現在の防災対策、防災教育では災害時と災害が起きていない平時を分けて考えるのが一般的です。フェーズフリーはスペラディウス株式会社代表の佐藤唯行氏が2014年に提唱した、「日常時」(平時)と「災害時」というふたつのフェーズ(区切り)をなくそう(フリーにする)という考え方です。

大事な人は守りたい、まだ備えてはいない

大事な人が災害でなくなってもいいと思う人はいないでしょう。できれば、災害で悲しい辛い思いをしたくない。

その一方で、十分に災害に備えている人はどのくらいいるでしょうか。どのくらい時間を割いているでしょうか。おそらく、仕事や家族のだんらん、家事育児など目の前にある出来事で毎日が終わっているのではないでしょうか。
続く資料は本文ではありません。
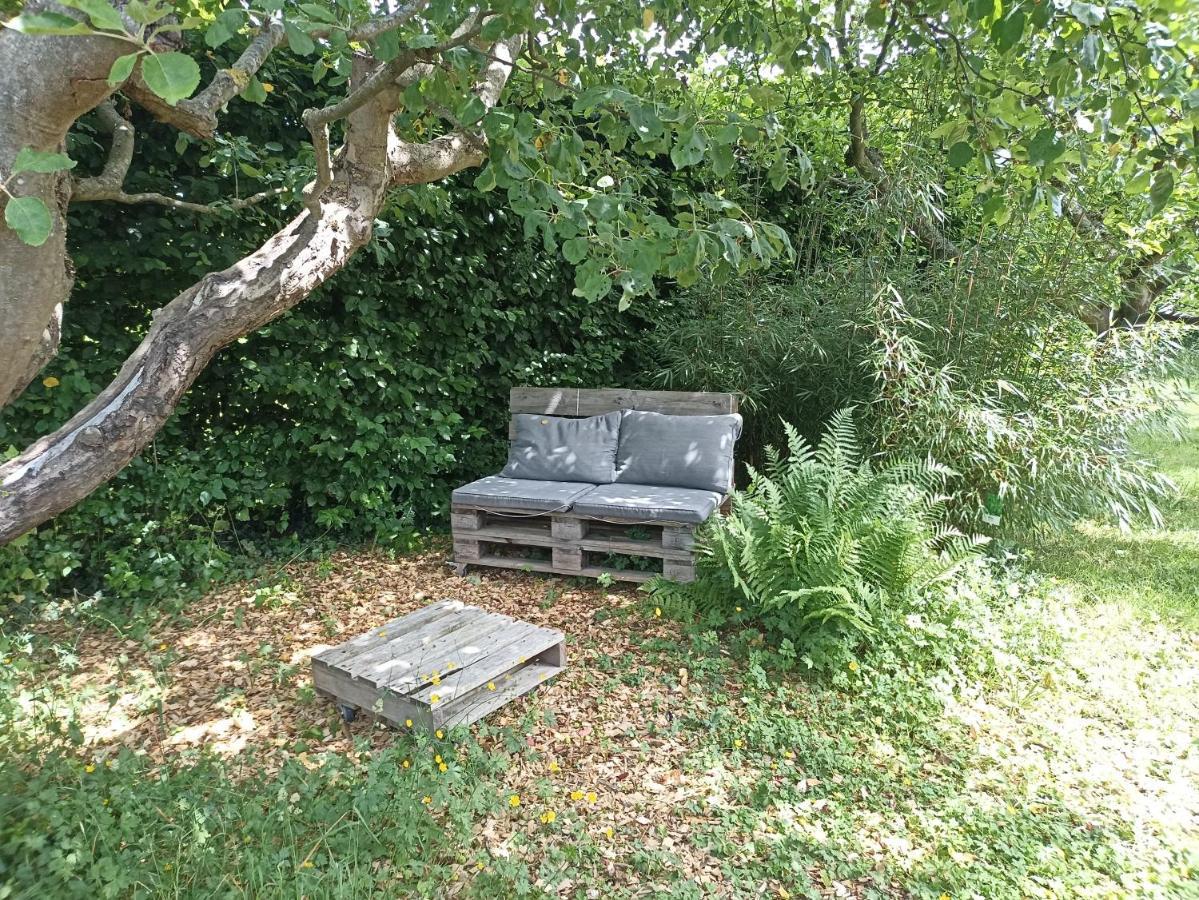 L'Echappee Au Jardin, Yourte Bucolique Godinne Exterior photo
備えが優先されない理由のひとつが平時には災害が具体的にイメージできないこと。いつ起きるか分からない、どのくらい危険か分からないので先延ばしにしてしまうのです。

備えることができないならば

防災用品をわざわざ備えることができないならば、平時に使うものが災害時にも違う形で利用できればよいというのがフェーズフリーの考え方です。

防災に特化したものを用意するのではなく、身近にあるものが災害時にも力を発揮すれば、備える必要はなくなります。防災の機能をおまけ程度に付加した製品ではなく、日用品としても使い勝手がよく便利で、災害時にも役立てば、それは製品の個性であり強みになります。消費者は日用品を買うだけで災害に備えることになるのです。
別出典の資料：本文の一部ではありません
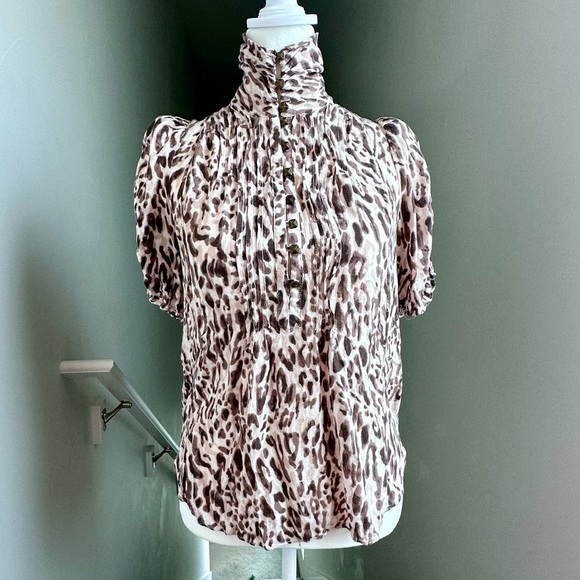 Anthropologie Maeve High Neck Button Up Leopard Print Blouse Size 2 - Picture 1 of 6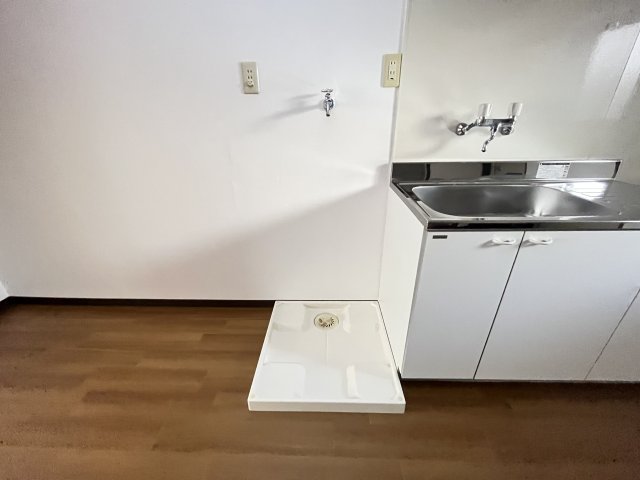 第一マンション1階 掲載の写真は退去前の写真となります。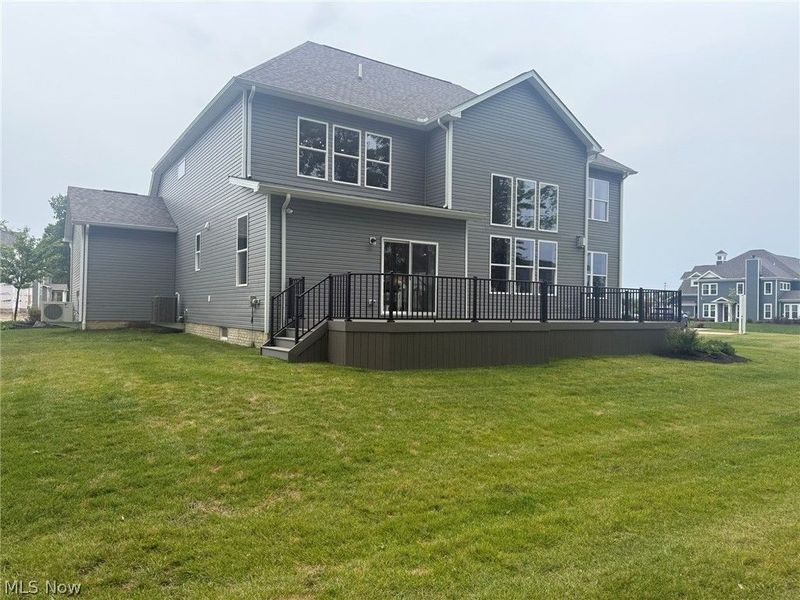 527 Port Side Drive, Avon Lake, OH 44012 Photo 2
たとえば、平時には燃費がよく走行できて、災害時には非常用電源になるハイブリッド車、メモリが入った紙コップなどが挙げられます。場合によっては保存食である漬け物や水に強い油性ペンなども含まれるかもしれません。日常でも濡れたところに書くことができるのはメリットですし、災害時には条件の悪い場所で筆記する必要性も出てくるかもしれないからです。

フェーズフリーはアイデアフリーでもあるかもしれません。価格以上のサービスやメリットを提供できれば、価格によらず商品を選んでもらえるのは、ハイブリッド車の販売数を見ても明らかです。

まとめ

防災シェルターは地下式のものが多く、災害時にも快適に過ごせるように空調設備もしっかりしております。平時にはワインセラーとして利用し、災害時には防災シェルターとして安心して過ごすことができるとしたら何よりの備えになりますね。避難場所でワインをたしなむとは贅沢で優雅な気もしますが、災害が発生して不安な気持ちを和らげるためにはよいアイデアかもしれません。